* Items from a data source

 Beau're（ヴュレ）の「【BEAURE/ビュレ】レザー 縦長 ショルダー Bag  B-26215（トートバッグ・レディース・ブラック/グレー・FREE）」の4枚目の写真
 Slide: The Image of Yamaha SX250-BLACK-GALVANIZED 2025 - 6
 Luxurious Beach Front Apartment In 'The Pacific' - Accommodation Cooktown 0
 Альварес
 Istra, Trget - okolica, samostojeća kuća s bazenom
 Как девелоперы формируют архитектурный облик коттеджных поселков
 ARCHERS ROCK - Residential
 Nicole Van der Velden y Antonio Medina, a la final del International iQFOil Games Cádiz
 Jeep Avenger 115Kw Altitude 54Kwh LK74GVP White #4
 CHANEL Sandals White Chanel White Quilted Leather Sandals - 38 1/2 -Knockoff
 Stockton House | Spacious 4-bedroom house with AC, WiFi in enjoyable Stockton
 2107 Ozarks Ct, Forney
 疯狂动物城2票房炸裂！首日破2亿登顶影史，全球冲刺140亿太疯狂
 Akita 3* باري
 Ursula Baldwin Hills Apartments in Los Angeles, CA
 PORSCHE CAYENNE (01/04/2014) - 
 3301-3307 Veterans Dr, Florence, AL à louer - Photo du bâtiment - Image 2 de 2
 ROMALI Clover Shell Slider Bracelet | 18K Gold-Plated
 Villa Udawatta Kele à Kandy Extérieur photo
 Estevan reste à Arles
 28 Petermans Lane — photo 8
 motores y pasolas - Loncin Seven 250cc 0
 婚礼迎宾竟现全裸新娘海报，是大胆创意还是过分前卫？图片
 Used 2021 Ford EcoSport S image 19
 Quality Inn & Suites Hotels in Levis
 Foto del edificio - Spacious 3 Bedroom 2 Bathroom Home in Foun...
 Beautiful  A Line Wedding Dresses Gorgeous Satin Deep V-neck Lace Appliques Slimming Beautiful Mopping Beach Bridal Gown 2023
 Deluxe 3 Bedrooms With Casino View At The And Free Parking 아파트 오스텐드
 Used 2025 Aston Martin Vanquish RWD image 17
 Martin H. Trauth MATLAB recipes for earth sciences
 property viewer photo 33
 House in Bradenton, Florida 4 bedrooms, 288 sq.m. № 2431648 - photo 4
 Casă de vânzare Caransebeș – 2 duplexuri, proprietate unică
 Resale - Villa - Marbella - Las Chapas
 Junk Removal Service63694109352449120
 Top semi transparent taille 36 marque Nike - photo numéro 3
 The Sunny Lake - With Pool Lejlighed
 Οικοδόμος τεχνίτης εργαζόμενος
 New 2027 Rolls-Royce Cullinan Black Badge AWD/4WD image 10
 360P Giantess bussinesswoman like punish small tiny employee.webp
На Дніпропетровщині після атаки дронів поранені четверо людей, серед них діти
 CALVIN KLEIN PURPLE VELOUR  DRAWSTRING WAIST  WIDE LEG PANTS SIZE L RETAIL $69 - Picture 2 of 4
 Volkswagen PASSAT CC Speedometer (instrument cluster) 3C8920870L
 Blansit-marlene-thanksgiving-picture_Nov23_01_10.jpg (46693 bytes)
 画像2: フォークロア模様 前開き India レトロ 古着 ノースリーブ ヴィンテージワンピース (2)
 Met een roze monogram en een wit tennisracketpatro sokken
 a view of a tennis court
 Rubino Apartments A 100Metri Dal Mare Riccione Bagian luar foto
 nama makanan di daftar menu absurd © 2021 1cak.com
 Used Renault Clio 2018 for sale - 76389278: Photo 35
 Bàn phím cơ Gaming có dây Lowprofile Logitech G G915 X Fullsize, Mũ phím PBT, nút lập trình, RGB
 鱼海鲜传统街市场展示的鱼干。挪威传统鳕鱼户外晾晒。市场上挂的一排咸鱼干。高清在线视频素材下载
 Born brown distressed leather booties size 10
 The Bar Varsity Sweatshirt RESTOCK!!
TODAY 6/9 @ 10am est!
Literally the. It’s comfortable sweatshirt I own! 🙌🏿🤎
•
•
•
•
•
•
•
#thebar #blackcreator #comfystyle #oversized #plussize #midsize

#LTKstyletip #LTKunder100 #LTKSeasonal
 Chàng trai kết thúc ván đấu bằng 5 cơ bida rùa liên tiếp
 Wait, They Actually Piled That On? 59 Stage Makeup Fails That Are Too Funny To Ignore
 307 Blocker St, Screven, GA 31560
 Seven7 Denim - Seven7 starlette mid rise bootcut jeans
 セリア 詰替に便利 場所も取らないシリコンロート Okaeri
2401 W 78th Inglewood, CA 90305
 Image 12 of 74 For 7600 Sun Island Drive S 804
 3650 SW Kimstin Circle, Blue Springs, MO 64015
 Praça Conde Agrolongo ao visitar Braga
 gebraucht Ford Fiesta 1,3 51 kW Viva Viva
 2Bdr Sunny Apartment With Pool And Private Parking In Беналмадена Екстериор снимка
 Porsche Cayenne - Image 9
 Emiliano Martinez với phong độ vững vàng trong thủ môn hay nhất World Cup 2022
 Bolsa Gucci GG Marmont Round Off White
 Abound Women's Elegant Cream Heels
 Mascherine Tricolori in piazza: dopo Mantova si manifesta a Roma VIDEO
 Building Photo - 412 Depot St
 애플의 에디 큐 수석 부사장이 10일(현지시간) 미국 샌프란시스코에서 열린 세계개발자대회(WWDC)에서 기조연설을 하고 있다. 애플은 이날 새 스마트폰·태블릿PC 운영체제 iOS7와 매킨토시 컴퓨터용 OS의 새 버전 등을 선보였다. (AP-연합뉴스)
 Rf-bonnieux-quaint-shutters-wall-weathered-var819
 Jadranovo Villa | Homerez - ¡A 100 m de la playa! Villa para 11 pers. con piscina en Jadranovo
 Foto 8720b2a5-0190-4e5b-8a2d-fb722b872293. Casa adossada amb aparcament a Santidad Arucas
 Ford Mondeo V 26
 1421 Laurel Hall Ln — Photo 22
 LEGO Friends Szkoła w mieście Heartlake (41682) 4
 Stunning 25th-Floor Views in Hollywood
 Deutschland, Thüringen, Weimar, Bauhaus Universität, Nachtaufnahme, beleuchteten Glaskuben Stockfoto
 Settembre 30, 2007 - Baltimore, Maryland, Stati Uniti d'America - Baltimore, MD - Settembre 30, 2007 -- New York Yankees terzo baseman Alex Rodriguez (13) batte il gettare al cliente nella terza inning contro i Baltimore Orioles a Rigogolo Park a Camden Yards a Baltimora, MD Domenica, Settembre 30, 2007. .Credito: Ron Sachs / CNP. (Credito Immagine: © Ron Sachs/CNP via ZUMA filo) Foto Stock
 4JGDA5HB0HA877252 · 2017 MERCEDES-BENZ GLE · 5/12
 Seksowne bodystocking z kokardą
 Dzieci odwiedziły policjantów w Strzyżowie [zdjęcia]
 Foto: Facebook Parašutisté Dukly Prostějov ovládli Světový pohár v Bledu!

* Problem
Scan the records above for the string "Spacious", and copy every line where it turns up.

* Solution to this problem
 Stockton House | Spacious 4-bedroom house with AC, WiFi in enjoyable Stockton
 Foto del edificio - Spacious 3 Bedroom 2 Bathroom Home in Foun...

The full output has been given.